--- PROBLEM TO WORK ON ---
Repeat, word for word, all the data that follows, and exclude the pictures.

--- AVAILABLE DATA ---
════

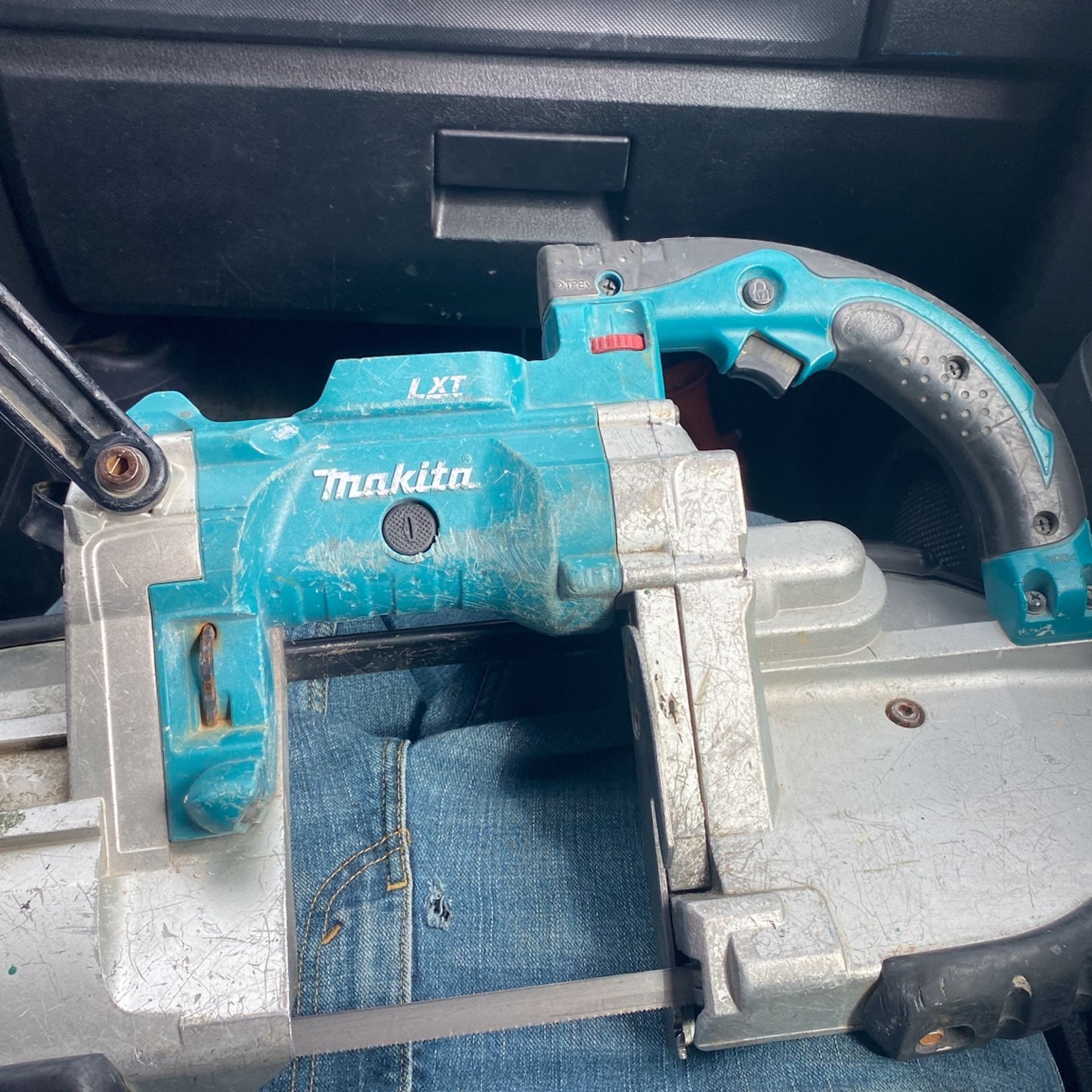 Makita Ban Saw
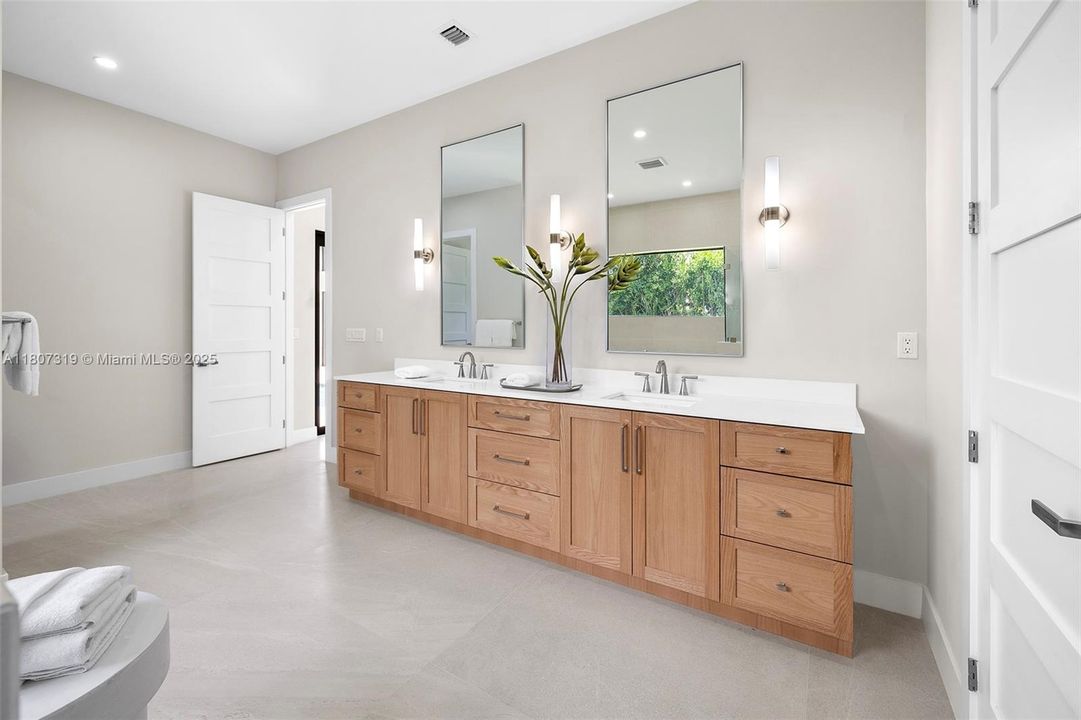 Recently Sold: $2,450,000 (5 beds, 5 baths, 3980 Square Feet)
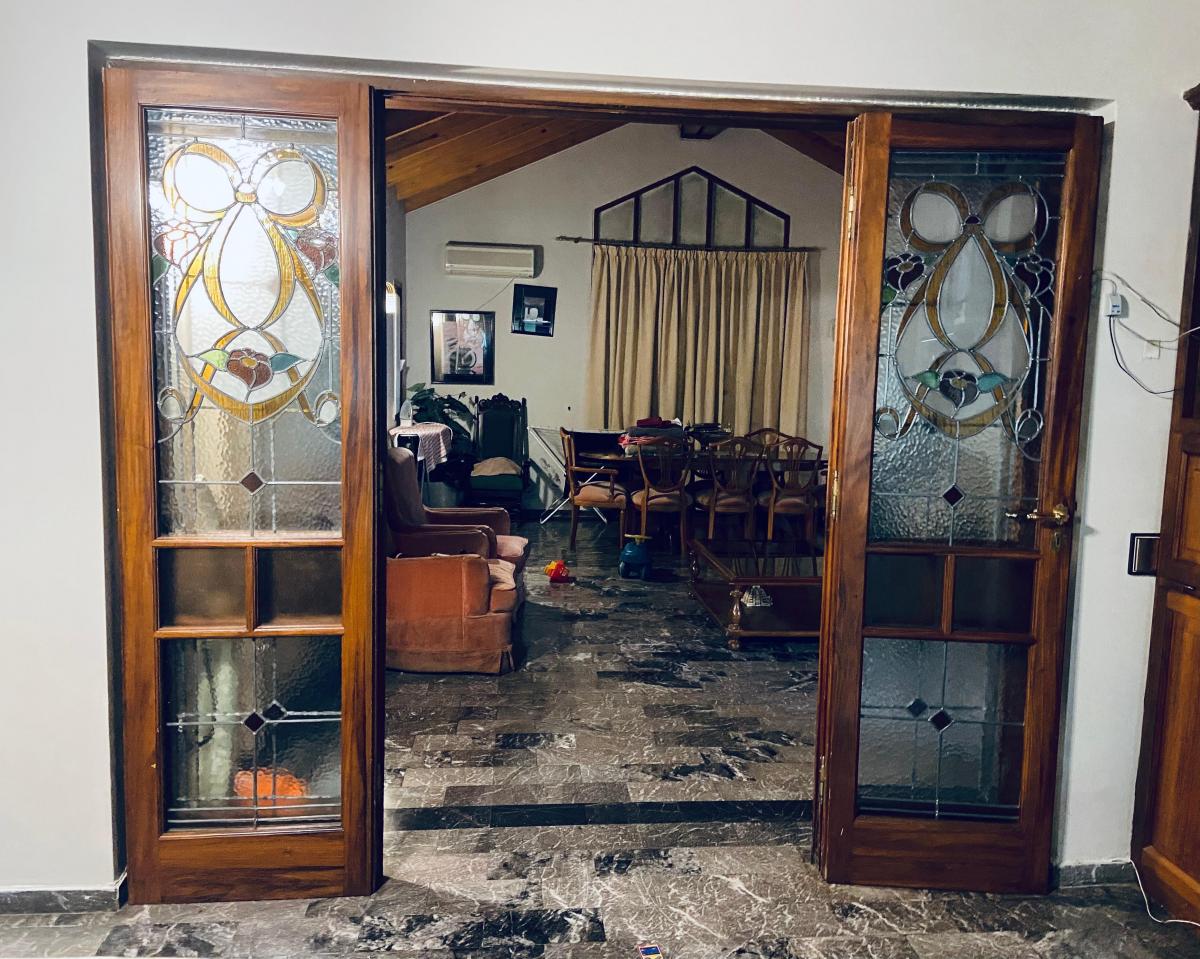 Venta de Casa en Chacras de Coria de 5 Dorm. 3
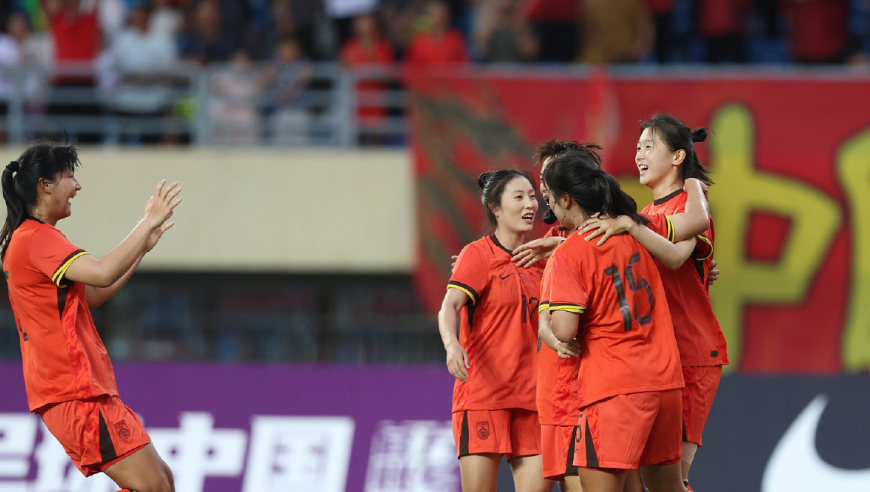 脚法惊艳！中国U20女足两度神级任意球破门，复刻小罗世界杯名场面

════

--- RESPONSE TO THIS TASK ---
 Makita Ban Saw
 Recently Sold: $2,450,000 (5 beds, 5 baths, 3980 Square Feet)
 Venta de Casa en Chacras de Coria de 5 Dorm. 3
 脚法惊艳！中国U20女足两度神级任意球破门，复刻小罗世界杯名场面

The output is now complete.